### Exercise input:
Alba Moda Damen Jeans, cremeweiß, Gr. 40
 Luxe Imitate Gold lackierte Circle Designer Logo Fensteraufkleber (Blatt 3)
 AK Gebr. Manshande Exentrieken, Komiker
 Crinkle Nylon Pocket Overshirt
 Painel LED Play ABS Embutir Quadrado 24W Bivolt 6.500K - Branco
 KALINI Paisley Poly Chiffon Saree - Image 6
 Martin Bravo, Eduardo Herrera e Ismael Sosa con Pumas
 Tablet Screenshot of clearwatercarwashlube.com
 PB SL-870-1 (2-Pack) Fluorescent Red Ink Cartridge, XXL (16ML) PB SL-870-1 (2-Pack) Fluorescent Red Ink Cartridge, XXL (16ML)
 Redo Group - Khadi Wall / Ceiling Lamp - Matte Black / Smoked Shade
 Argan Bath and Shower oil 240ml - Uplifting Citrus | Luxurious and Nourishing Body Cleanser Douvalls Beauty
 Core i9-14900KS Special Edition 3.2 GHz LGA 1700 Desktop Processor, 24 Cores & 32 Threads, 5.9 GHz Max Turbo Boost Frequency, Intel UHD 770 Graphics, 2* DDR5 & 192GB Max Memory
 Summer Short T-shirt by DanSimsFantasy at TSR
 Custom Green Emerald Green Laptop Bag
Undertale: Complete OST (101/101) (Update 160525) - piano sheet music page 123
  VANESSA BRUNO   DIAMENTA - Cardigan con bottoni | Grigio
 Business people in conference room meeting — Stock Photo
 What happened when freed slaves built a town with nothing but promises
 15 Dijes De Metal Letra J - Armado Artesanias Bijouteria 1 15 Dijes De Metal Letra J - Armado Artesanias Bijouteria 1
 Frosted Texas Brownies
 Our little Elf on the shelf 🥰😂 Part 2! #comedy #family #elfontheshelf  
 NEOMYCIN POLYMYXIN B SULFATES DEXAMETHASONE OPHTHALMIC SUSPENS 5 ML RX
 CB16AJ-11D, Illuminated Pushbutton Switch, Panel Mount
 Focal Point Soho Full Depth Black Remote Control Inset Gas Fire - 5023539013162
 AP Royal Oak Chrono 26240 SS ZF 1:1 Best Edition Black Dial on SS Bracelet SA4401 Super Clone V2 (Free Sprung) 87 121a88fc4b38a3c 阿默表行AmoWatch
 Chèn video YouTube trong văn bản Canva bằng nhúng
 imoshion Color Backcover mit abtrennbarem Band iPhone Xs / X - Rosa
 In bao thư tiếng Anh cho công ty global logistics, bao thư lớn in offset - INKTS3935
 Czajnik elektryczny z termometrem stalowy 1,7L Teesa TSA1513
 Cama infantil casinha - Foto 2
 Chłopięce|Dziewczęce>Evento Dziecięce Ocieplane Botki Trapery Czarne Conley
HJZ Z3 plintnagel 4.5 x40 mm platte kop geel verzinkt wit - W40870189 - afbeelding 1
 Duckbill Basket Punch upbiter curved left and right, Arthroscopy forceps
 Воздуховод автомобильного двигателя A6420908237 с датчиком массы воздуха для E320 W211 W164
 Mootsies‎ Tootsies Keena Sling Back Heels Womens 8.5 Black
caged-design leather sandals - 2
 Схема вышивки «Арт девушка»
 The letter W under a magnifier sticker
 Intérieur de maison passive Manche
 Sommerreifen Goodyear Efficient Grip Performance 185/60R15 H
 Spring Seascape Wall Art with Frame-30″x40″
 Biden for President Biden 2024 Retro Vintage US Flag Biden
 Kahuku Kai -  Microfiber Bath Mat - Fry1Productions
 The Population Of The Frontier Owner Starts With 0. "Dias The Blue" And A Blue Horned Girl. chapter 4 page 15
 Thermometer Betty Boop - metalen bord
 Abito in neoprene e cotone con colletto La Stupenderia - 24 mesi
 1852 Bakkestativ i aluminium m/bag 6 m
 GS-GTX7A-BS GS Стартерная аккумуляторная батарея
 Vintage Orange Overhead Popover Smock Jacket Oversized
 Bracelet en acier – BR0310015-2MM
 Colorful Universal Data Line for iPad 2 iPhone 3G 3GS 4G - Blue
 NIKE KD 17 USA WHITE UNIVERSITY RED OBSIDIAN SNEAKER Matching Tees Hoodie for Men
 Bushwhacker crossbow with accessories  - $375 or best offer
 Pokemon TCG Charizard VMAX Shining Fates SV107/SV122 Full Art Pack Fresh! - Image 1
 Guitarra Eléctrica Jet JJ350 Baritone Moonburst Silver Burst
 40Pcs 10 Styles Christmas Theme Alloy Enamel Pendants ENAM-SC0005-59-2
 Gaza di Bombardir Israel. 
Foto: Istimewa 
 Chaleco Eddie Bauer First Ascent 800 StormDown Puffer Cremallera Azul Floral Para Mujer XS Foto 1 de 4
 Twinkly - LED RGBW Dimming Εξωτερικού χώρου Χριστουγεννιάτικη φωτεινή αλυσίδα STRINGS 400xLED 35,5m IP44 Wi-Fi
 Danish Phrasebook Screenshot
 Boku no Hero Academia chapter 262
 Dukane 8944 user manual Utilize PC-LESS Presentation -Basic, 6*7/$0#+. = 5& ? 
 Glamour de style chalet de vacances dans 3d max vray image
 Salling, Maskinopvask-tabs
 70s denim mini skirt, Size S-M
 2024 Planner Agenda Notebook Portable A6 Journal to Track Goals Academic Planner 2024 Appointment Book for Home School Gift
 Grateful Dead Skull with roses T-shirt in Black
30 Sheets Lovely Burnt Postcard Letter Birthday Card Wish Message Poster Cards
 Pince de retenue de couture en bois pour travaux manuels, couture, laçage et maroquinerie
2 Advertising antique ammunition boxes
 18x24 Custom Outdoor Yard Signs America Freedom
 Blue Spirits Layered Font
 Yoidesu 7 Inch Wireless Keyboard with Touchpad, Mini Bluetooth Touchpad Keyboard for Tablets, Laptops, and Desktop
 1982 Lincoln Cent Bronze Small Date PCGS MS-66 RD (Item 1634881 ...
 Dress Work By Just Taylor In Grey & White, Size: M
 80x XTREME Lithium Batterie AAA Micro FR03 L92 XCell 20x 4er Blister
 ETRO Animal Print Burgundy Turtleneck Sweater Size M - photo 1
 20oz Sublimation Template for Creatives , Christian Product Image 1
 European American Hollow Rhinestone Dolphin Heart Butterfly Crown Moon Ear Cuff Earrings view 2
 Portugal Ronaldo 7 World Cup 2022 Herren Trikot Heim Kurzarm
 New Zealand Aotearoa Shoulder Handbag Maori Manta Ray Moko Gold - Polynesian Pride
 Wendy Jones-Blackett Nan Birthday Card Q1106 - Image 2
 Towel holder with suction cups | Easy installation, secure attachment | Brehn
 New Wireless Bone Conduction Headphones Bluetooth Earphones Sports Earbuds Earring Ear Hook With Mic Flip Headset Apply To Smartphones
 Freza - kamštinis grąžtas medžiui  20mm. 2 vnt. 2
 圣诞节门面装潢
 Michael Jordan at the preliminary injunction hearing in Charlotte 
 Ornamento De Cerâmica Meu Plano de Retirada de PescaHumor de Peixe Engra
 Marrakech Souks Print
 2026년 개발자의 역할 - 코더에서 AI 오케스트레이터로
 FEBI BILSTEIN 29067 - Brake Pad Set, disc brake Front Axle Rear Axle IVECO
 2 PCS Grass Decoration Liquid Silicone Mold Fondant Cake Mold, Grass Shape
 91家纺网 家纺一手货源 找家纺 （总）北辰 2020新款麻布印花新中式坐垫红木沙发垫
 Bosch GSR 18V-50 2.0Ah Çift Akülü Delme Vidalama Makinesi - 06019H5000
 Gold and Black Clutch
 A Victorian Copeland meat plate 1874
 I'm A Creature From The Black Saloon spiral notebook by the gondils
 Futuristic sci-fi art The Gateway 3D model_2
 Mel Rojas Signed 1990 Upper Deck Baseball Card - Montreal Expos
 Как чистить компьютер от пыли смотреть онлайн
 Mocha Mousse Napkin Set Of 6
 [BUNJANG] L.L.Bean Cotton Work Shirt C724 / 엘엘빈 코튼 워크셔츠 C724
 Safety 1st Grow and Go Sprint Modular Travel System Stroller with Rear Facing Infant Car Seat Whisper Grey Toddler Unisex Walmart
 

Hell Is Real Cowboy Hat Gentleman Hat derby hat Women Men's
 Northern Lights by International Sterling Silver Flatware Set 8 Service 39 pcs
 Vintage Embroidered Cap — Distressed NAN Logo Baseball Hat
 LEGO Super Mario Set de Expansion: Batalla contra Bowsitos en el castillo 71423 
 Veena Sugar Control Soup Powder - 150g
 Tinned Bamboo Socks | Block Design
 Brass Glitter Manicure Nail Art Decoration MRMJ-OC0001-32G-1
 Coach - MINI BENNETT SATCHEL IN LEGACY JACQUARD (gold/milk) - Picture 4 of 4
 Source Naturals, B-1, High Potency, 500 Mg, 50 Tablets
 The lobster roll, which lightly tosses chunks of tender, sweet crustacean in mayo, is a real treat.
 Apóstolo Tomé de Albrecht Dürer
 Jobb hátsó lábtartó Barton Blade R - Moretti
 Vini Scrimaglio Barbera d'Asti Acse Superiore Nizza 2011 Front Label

### What to do:
Set down, exactly as they appear above, all lines from the one that has "Bosch GSR 18V-50" down to the one that has "Mel Rojas Signed", including those two and no others.

### Exercise output:
 Bosch GSR 18V-50 2.0Ah Çift Akülü Delme Vidalama Makinesi - 06019H5000
 Gold and Black Clutch
 A Victorian Copeland meat plate 1874
 I'm A Creature From The Black Saloon spiral notebook by the gondils
 Futuristic sci-fi art The Gateway 3D model_2
 Mel Rojas Signed 1990 Upper Deck Baseball Card - Montreal Expos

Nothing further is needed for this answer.